Looking at my computer screen, I felt a sense of deep awe. On the other side of the screen were the faces of fellow Jews of diverse backgrounds—Mixed-race Jews, Black Jews, Yemini, Indian, Ethiopian, South American Jews…the list goes on. This was not just a space for Jews from different backgrounds to come together, this was a space for fellow artists, creatives and art workers to connect and start to build community. I felt so seen.
It had taken me years to return to my Jewish roots. I grew up in an Ashkenazi community in Northern England. My father’s ancestry is Eastern European, and my mother was born in Mumbai, a daughter of the Bene Israel community. My mother, with her brown skin and heavy accent, tried her best to adapt, to become British. But I always grew up with the impression that we were different— not in a good way. The kind of different that makes you always wonder about yourself and your claim to a people or a place or a history. All the forces of assimilation were enacted upon us. Racism was overt but also hidden and harder to name, especially when coming from within your own community. Even as a child, I was acutely aware that we might never be British enough, or white enough, or Ashekanzi enough, or Indian enough. I was a drifter between cultural identities, often performing culture rather than truly feeling part of it.

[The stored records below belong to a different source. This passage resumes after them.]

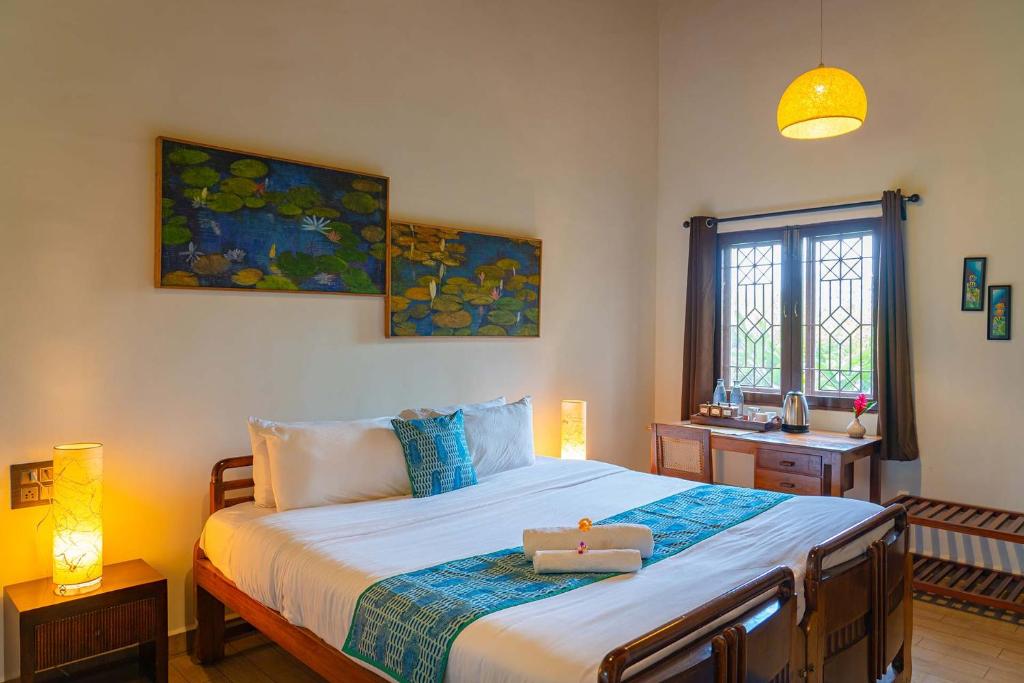 Ένα ή περισσότερα κρεβάτια σε δωμάτιο στο StayVista at Firefly By The River with Breakfast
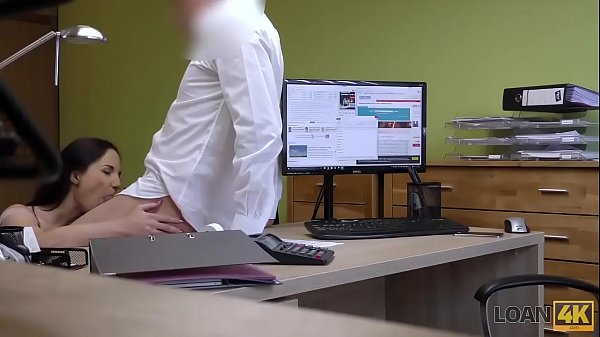 LOAN4K. Seriöser Kreditvermittler bohrt hübschen brünetten Kunden ins Arschloch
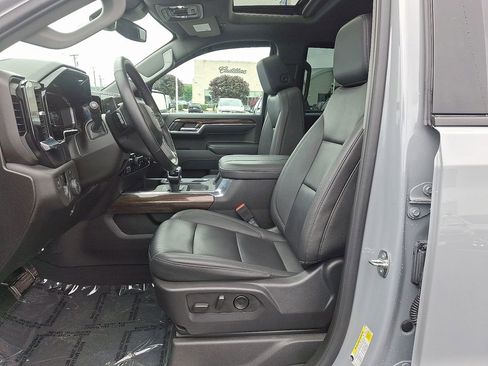 Used 2024 Chevrolet Silverado 1500 RST w/ Convenience Package II AWD/4WD image 14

My upbringing was what some would consider “very Jewish”: I went to a Jewish primary school, had a Bat Mitzvah, went to shul, experienced the horrors of Hebrew school and so forth. When exchanging memories of preteen life with a friend recently, I recounted how I once got in trouble for organizing my fellow rebels in our Jewish youth group to sneak out the back door for fish and chips. We ate these fried wonders while singing Wonderwall by Oasis at the top of our lungs. Such was Jewish life in the 90s in Yorkshire. Judaism was the common thread that securely fastened me to people and place, despite the lurking feeling I had of being an “outsider.”
The abrupt break with my Jewish life happened when my brothers, my mother and I moved to Canada. There was much turmoil and upheaval that first year and traumatic events that transpired took many years to recover from. After the very rocky first year in Canada, I obligingly attended High Holiday dinners with extended family— but the sadness of the proceeding events was ever-present. I relegated Jewish life to the category of the past and clumsily pursued my place in Canadian society. The nagging feeling of having left behind or lost something followed me through seasons and years and relationships and communities. It was only after having my son six years ago that I began to take small and tentative steps back to Jewish community. It was not a relationship with God I was seeking to return to. I reached for Jewish culture and traditions —lighting the candles on Shabbat, hearing the Shofar on Rosh Hashanah—signifiers of Jewish life that are ancient, powerful and comforting in their familiarity.
At this time, I started collecting different parts of myself that had been put aside, making space in my life to be English, Indian and Jewish. I’ve spent much of my adult life concerned with issues of representation, advocating for EDI practices in the Toronto arts and culture sector. “Taking up space” “Representation Matters” – these are catchphrases that are oversaturated in the lexicon of Equity, Diversity and Inclusion (EDI). But to be in a space where representation was more than just a theoretical possibility, more than just an ask or a talking point, shifted the ground beneath me. At the PRISM gathering, I saw and heard from people whose voices were, in this space, not marginal, not peripheral. People who identify in the same way I identified: Jewish and artist and person of colour. From our respective homes, experiences, art practices and histories, we were stitched together by our shared love of Jewish culture and a recognition that Jewish culture is for all of us, without exception. That long-standing feeling that flanked me through my childhood of being an outsider in my own cultural context dissipated.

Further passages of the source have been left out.